■ Required action
The records that follow must be repeated exactly, minus the images.

+++

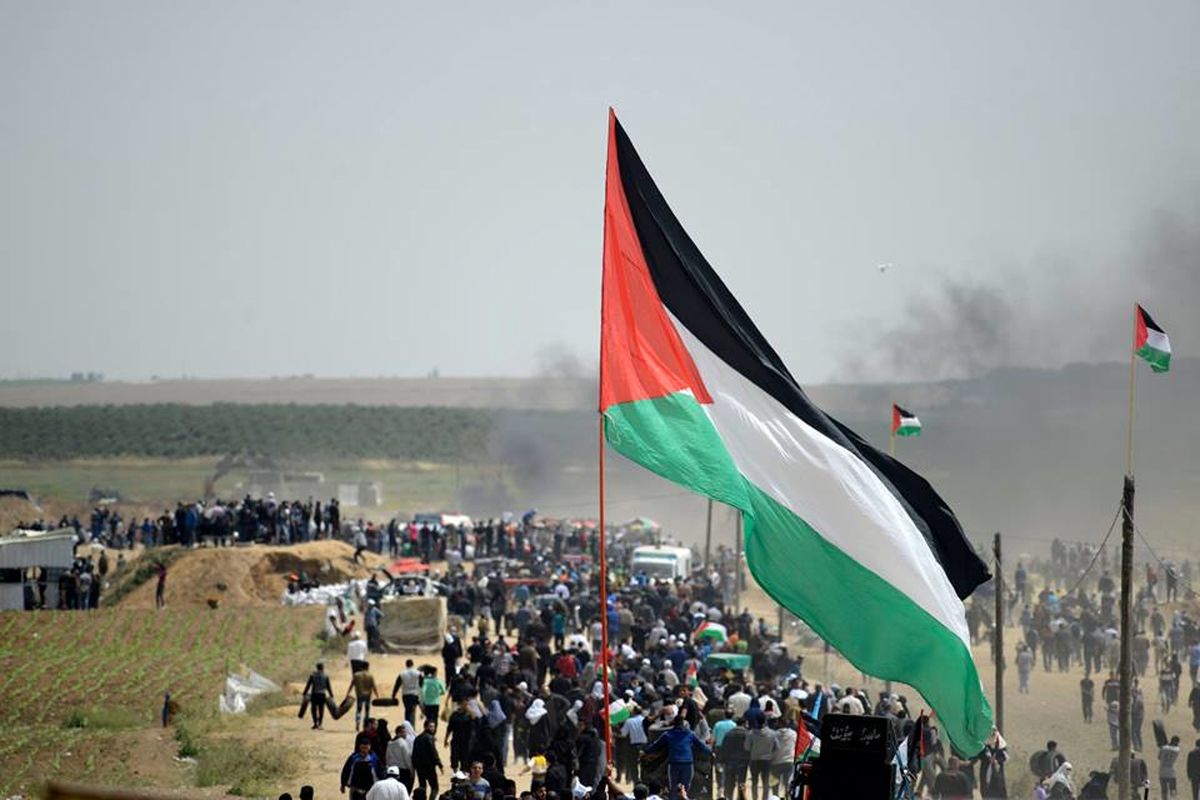 غزه خاری در گلوی رژیم صهیونیستی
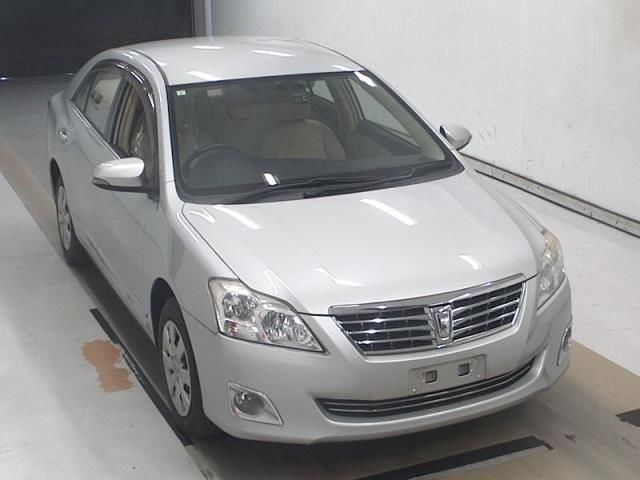 2015 Toyota Premio 1.8X Lパッケージ Japan auction vehicle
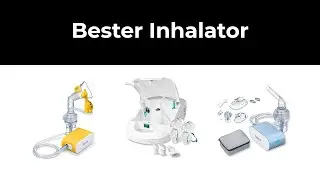Inhalator Test - 10 Bester Inhalator - 2022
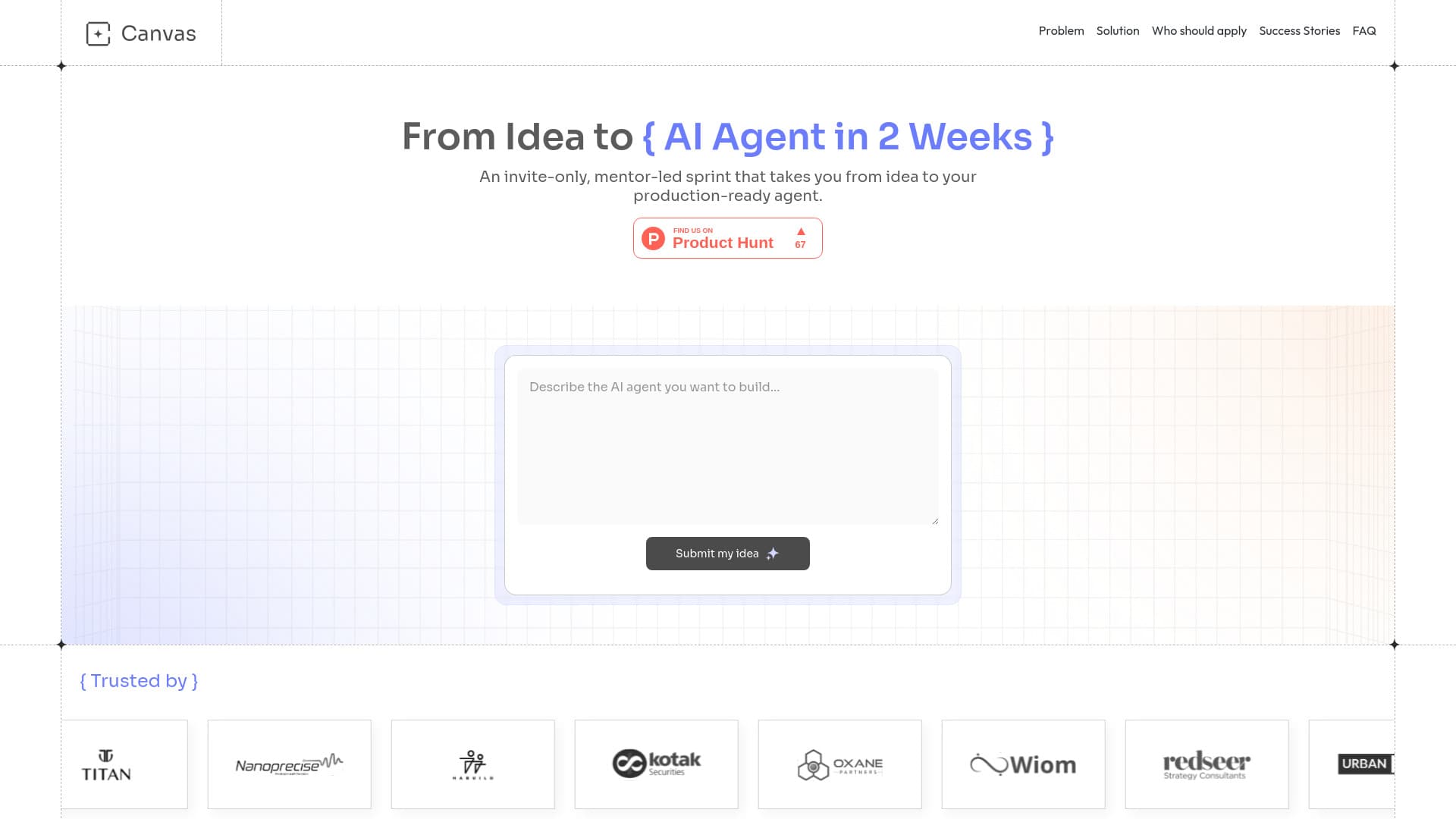Canvas AI Builder's Program thumbnail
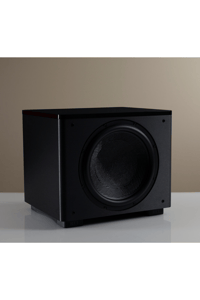 REL HT/1510 Predator Aktif Subwoofer Siyah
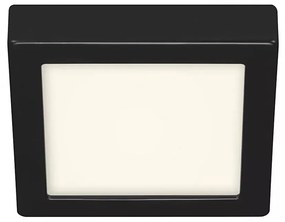 Plafonieră LED FIRE LED/12W/230V 17x17 cm Briloner 3464-415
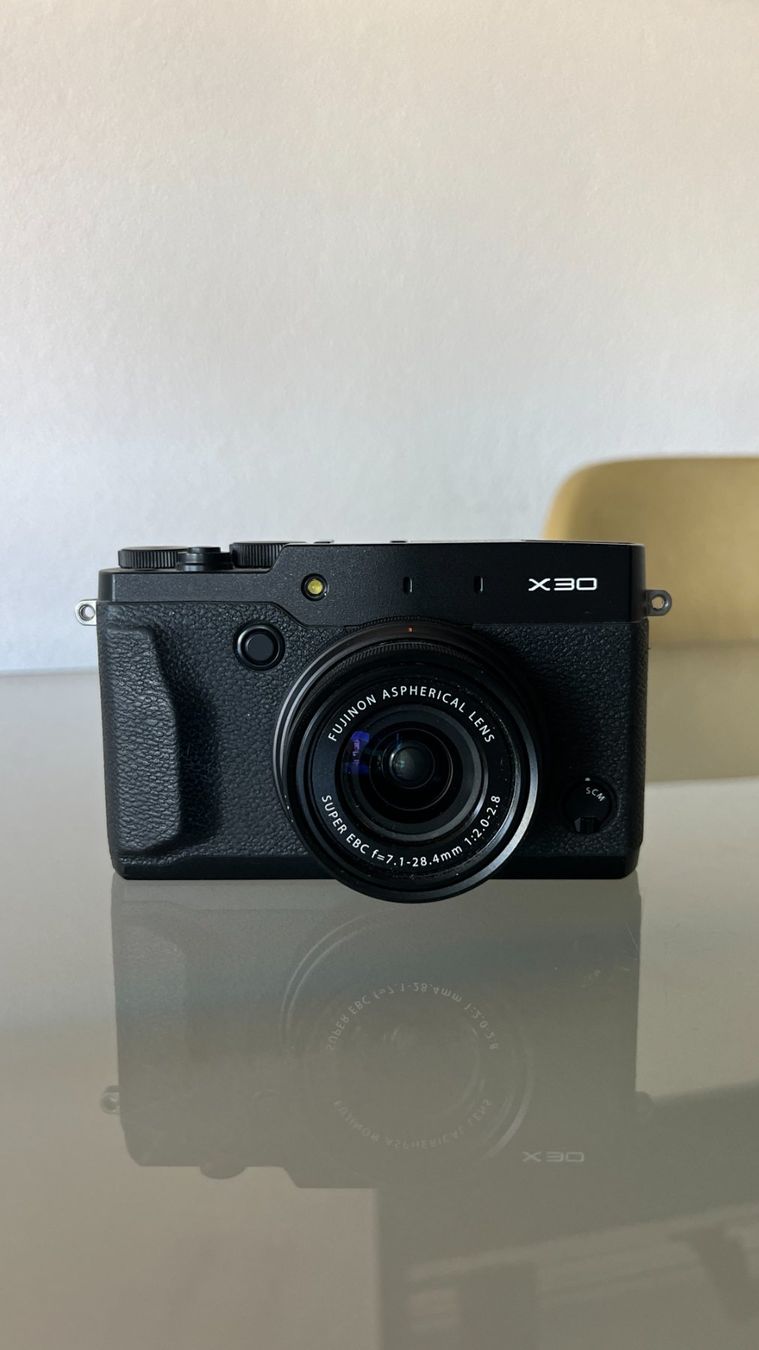 Fujifilm Appareil photo: Fujifilm X30 – D'occasion à Winterthur par jok_5b29 1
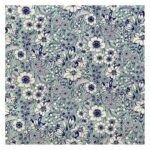 la Décalcomanie fleurs de valence bleue, est  vendu en format 22,5 cm x 23,5 cm, et vous permet de décorer vos porcelaines et donne un rendu exceptionnel pour décorer avec les enfants et pour créer de jolies fantaisies en fond ou bijoux,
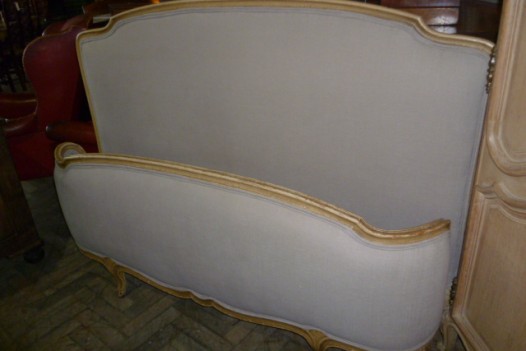 5FT ANTIQUE FRENCH BED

+++

■ Result of the exercise
 غزه خاری در گلوی رژیم صهیونیستی
 2015 Toyota Premio 1.8X Lパッケージ Japan auction vehicle
Inhalator Test - 10 Bester Inhalator - 2022
Canvas AI Builder's Program thumbnail
 REL HT/1510 Predator Aktif Subwoofer Siyah
 Plafonieră LED FIRE LED/12W/230V 17x17 cm Briloner 3464-415
 Fujifilm Appareil photo: Fujifilm X30 – D'occasion à Winterthur par jok_5b29 1
 la Décalcomanie fleurs de valence bleue, est  vendu en format 22,5 cm x 23,5 cm, et vous permet de décorer vos porcelaines et donne un rendu exceptionnel pour décorer avec les enfants et pour créer de jolies fantaisies en fond ou bijoux,
 5FT ANTIQUE FRENCH BED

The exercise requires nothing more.